To the rest of the world, the United States looks insane right now.
They're dealing with real problems that their political systems are struggling to solve. The United States' political system is creating fake problems that it may choose to leave unsolved.
"The United States was the one bright spot in the world recovery," says OECD Secretary General Angel Gurria. "It was leading the recovery! Leading the creation of jobs! This unfortunate situation with the budget and debt happens at the moment it was looking good."
The OECD -- or, more formally, the Organization for Economic Cooperation and Development -- is the modern-day descendant of the the Organization for European Economic Cooperation, which managed the Marshall Plan in the aftermath of World War II. Today, the OECD has 34 member countries and a mandate "to help governments foster prosperity and fight poverty through economic growth and financial stability."
That global perspective drives Gurria's admiration of the U.S. economy. Look around, he says. "The U.S. is growing at 2-3 percent while Europe is only starting to rise from negative growth, and Japan is struggling to get prices up to 2 percent inflation. The U.S. is growing with very low inflation, and you are creating jobs. Perhaps you’d like it to be at a brisker speed, but you’ve created more than 7 million jobs in the last few years. These are just facts. You look even better compared to Europe, but even by themselves these numbers are objectively positive."
The United States' fiscal situation is also much improved. "Sequestration was not desired," Gurria says. "But it has the effect that now the deficit is going below 4 percent. Not long ago you were near double digits. So you have a fiscal consolidation; some might say it was too fast, but the deficit today in the United States is much lower than in the European countries. Everyone at home has a lot of doubts in their own economy and their own economic leadership and their own performance, but the fact of the matter is the U.S. has been doing a good job."
At least, it was doing a good job. But then the government shut down. And then U.S. leaders began fighting over default.
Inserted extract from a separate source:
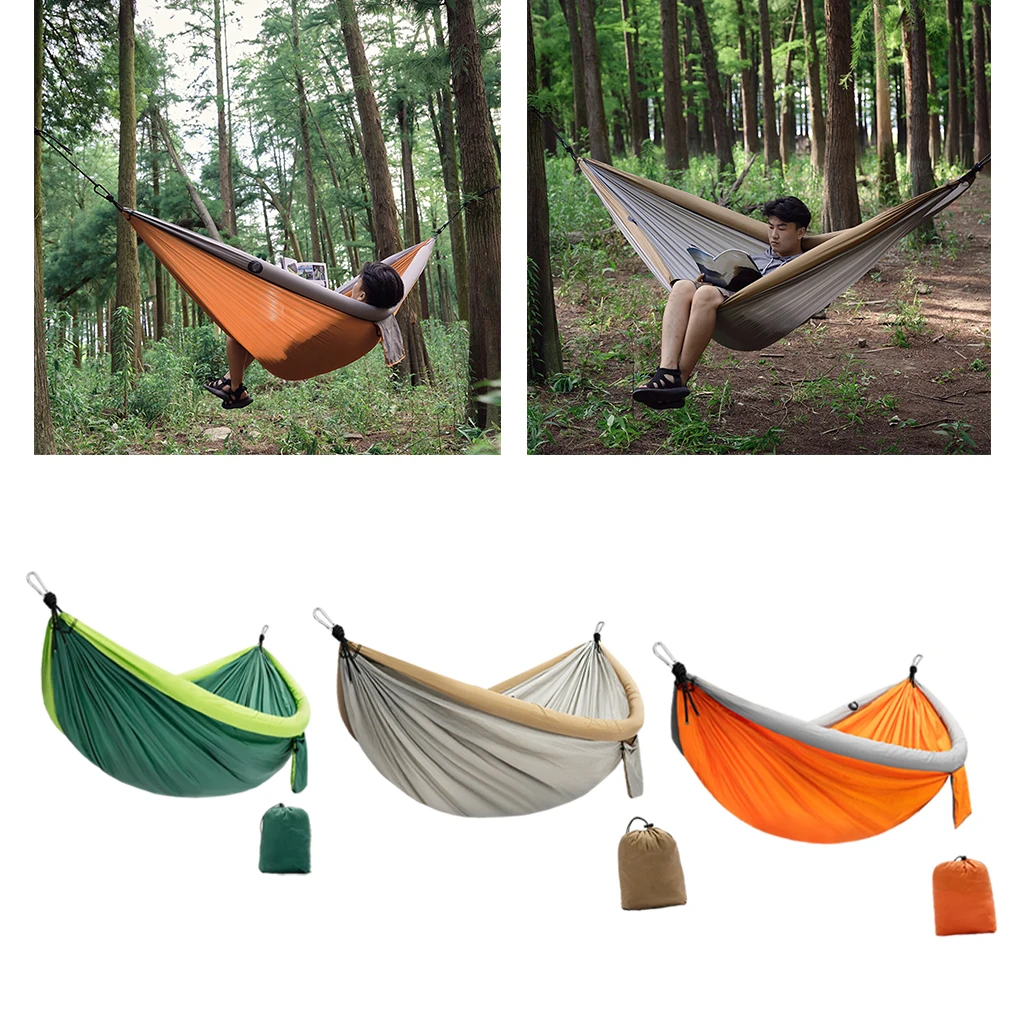 Double Large Camping Hammock Lightweight Portable Hammock for Backpacking Travel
Consumer confidence is plummeting as a result.
At best, the United States is slowing its recovery -- and that of the rest of the world. At worst, it's going to trigger another global crisis. That's why, Gurria says, his concern isn't that the United States' economy is weak, but that its political system is.
"More than any number of GDP or growth or debt, the question is whether the U.S. will has the institutions to move forward on the issues it has to deal with internally and then play the leadership role it plays for the global economy," he said.
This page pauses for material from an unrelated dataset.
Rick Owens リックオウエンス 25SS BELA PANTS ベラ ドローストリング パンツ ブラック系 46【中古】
In other words, the question is whether we'll stop being insane.
One of the key roles the OECD plays for countries that are trying to improve their economies (as opposed to trying to sabotage them) is as a collector of best practices. So I asked Gurria whether a big deal on the budget should include taxes or focus just on spending cuts. His answer was interesting: It should include taxes, he said, but not the kind of taxes the United States tends to favor.
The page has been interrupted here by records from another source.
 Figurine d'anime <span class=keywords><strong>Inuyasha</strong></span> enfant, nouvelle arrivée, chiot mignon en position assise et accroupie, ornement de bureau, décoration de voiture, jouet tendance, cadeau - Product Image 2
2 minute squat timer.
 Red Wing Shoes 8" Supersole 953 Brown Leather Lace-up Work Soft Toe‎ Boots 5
"You do need more revenues, and you do need to cut expenses. But you also don’t want to go in a direction whereby increasing taxes creates a reticence to create new jobs. You don't want to increase taxes on work. You don’t want to increase taxes on investment and the creation of wealth. If you need more revenues, go for consumption taxes, go for property taxes, go for green taxes, but don’t make it more expensive to create new jobs."